I know there is few answer on Foot of perpendicular, but my doubt is different, so please don't mark this as the duplicate.
My book says:
Foot of the perpendicular from a point $(x_1,y_1)$ on the line $ax+by+c=0$ is $$\dfrac{x-x_1}{a}=\dfrac{y-y_1}{b}=-\dfrac{ax_1+by_1+c}{a^2+b^2}$$
My proof:
Slope of line $\perp$ to $ax+by+c=0$ is $\frac{b}{a}\implies\tan\theta=\frac{b}{a}\implies\begin{cases}\cos\theta &=\pm\frac{a}{\sqrt{a^2+b^2}}\\ \sin\theta &=\frac{b}{\sqrt{a^2+b^2}}\end{cases}$
Let $L$ passes through point $(x_ 1,y_1)$ perpendicular to $ax+by+c=0$.

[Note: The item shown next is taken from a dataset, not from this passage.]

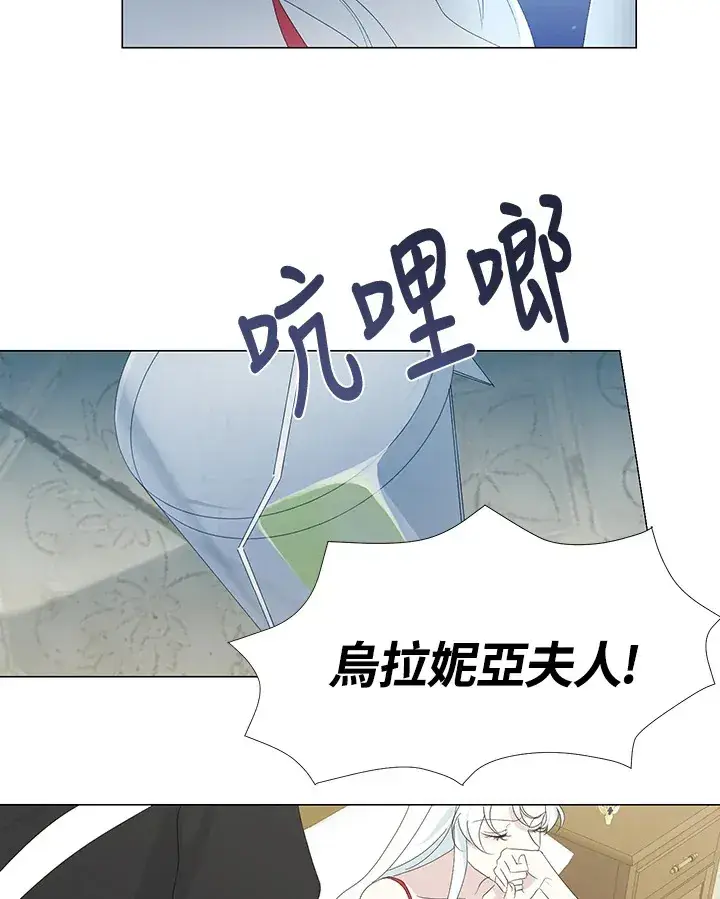 《暴君老公性情大变》第4话图24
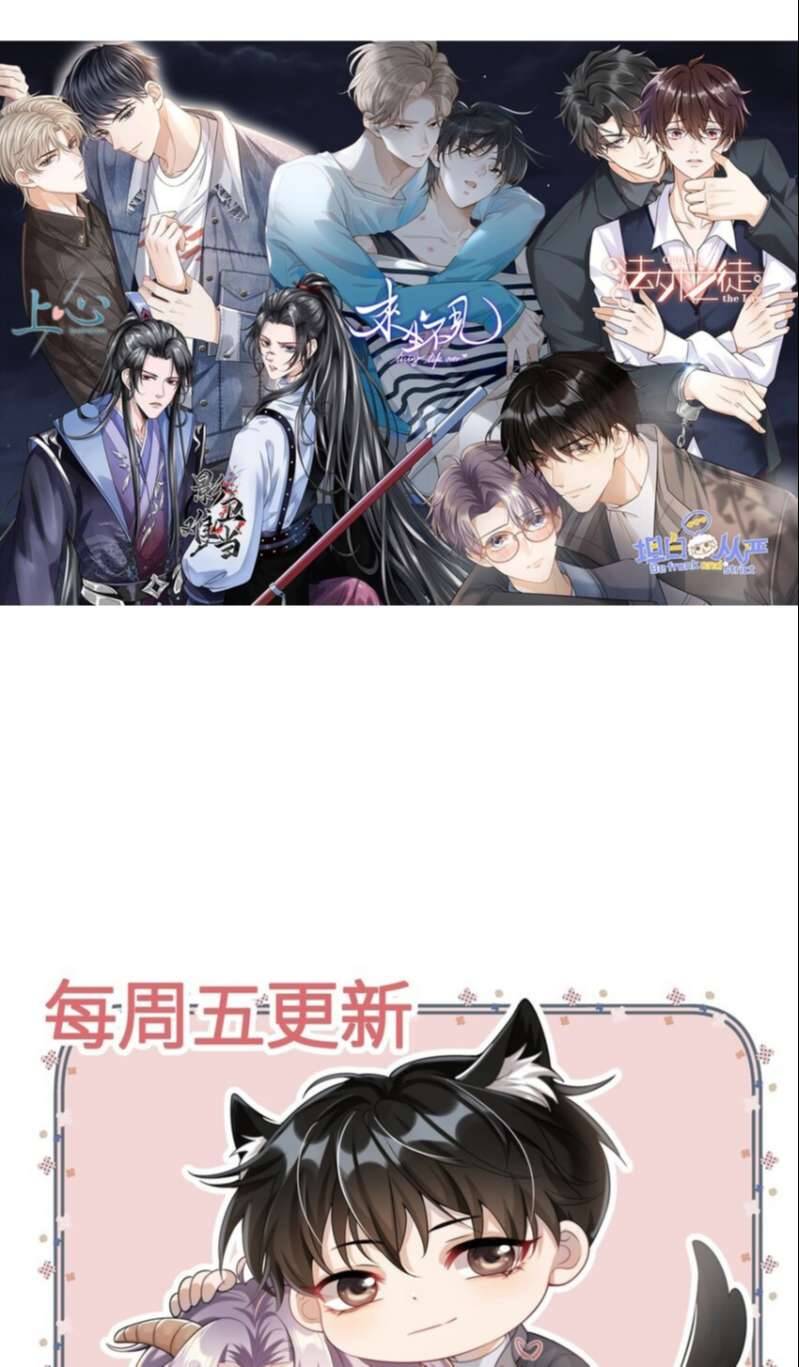 Thẳng Thắn Từ Nghiêm Chapter  44 - 40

Let $r$ be the algebraic distance of $(x_ 1,y_1)$ from $ax+by+c=0$ $\implies r=\frac{ax_1+by_1+c}{\sqrt{a^2+b^2}}$.
Now co-ordinate of any point on $L$ distance $r$ from point $(x_1,y_1)$ can be given as:$$\bigg(x_1+r\cos \theta,\ y_1+r\sin\theta\bigg)$$, where $\theta$ is angle $L$ makes with positive direction of $x$-axis.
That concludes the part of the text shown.